How do you convert from vertex form to intercept form of $y-4=-{{\left( x-2 \right)}^{2}}$?

Answer 1

Hint: We use the fact that the vertex form of quadratic equation $y=a{{x}^{2}}+bx+c$ is given by ${{\left( x-h \right)}^{2}}=4a\left( y-k \right)$ where $\left( h,k \right)$ is the vertex of the parabola and the intercept form of the quadratic equation is given by $y=k\left( x-\alpha \right)\left( x-\beta \right)$ where $\alpha ,\beta $ are the $x-$intercepts of the parabola. We find the roots of the given quadratic equation to find the intercept form. \[\]

Complete step-by-step answer:
We know that the general quadratic equation is given by $a{{x}^{2}}+bx+c=0$ where graph of the quadratic polynomial $y=a{{x}^{2}}+bx+c$ represents a parabola in $xy-$plane. The vertex from of the parabola is given by with vertex $\left( h,k \right)$ is given by
\[{{\left( x-h \right)}^{2}}=4a\left( y-k \right)\]
We are given the following quadratic equation in the question
\[y-4=-{{\left( x-2 \right)}^{2}}\]
We expand the right hand side using the algebraic identity ${{\left( a-b \right)}^{2}}={{a}^{2}}-2ab+{{b}^{2}}$to have
\[\begin{align}
  & \Rightarrow y-4=-\left( {{x}^{2}}-8x+16 \right) \\
 & \Rightarrow y=-{{x}^{2}}+8x-12 \\
\end{align}\]
So we need to convert the above result to the intercept form $y=k\left( x-\alpha \right)\left( x-\beta \right)$. So we have to find the roots since we have $x-$intercepts at $y=0$. So let us have
\[\begin{align}
  & y=0 \\
 & \Rightarrow -{{x}^{2}}+8x-12=0 \\
 & \Rightarrow {{x}^{2}}-8x-12=0 \\
\end{align}\]
We use the splitting the middle term method to have;
\[\begin{align}
  & \Rightarrow {{x}^{2}}-6x-2x+12=0 \\
 & \Rightarrow x\left( x-6 \right)-2\left( x-6 \right)=0 \\
 & \Rightarrow \left( x-6 \right)\left( x-2 \right)=0 \\
 & \Rightarrow x=6,2 \\
\end{align}\]
So we have the roots of the quadratic polynomial as $\alpha =6,\beta =2$. Since we have multiplied $-1$ both sides and then solved the equation we have the required intercept form is
\[y=-\left( x-2 \right)\left( x-6 \right)\]

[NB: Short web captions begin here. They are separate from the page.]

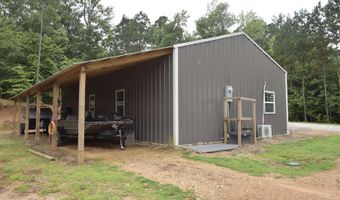 1442 Country Club Rd, Arkadelphia, AR 71923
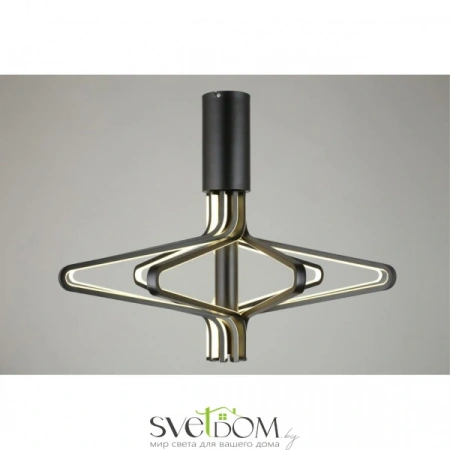 Люстры потолочныеOML-18817-180 Omnilux | Svetdom.by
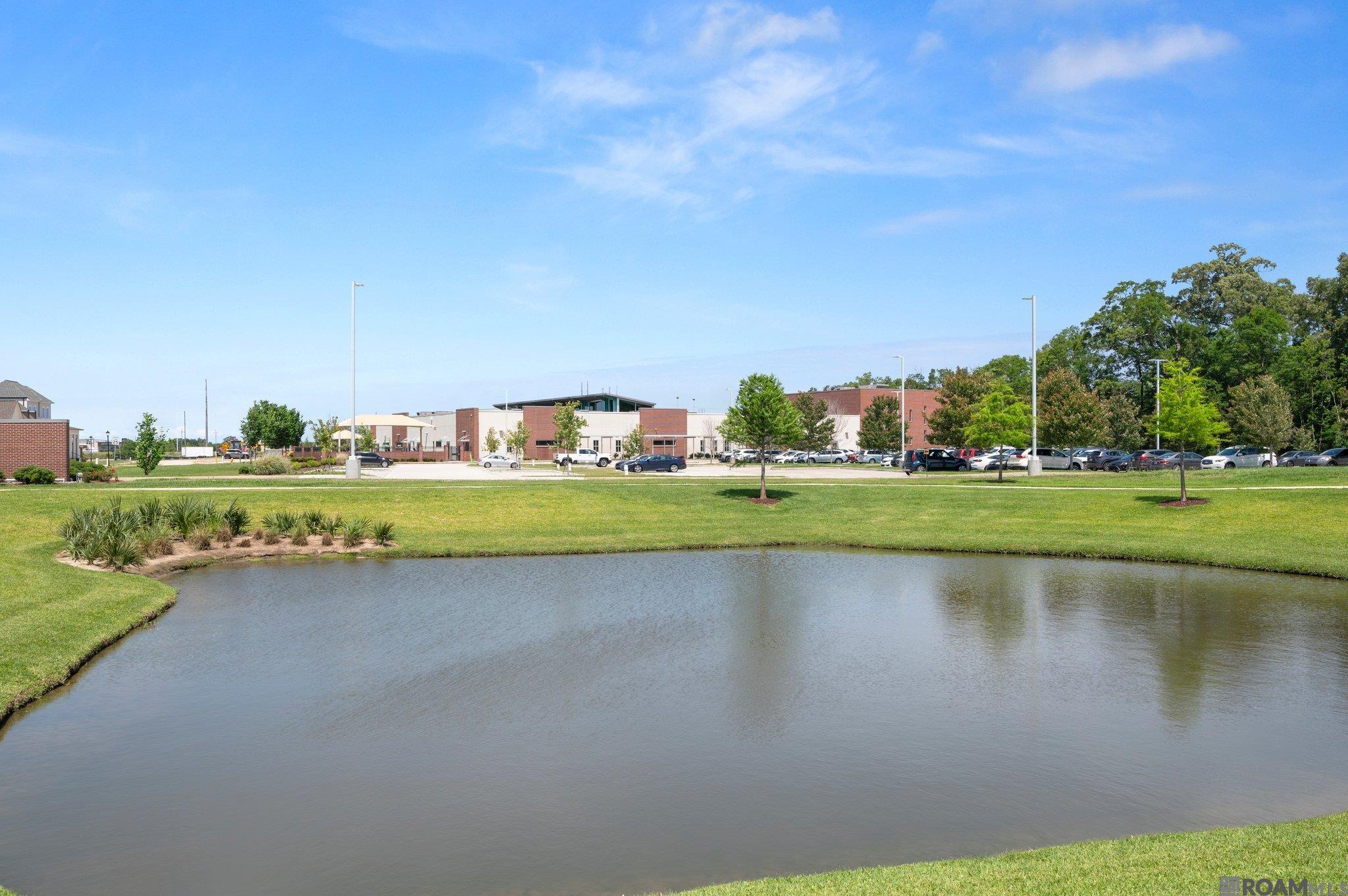 14123 Spalding Way, Baton Rouge, Louisiana image 26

Note: We note that the vertex of the given equation $y-4=-{{\left( x-2 \right)}^{2}}$ is at $\left( 2,4 \right)$ and also note that at the vertex the minimum values of the quadratic polynomial occurs. So at $x=4$ we are getting the minimum as $y=-\left( 4-2 \right)\left( 4-6 \right)=4$. So our equation in intercept form is verified. We can find the vertex from general quadratic polynomial $y=a{{x}^{2}}+bx+c$ at $x=\dfrac{-b}{2a}$ . If in $y=a{{x}^{2}}+bx+c$ we have $a > 0$ we get a parabola opens upwards and if we have $a < 0$ we get a parabola opens downwards.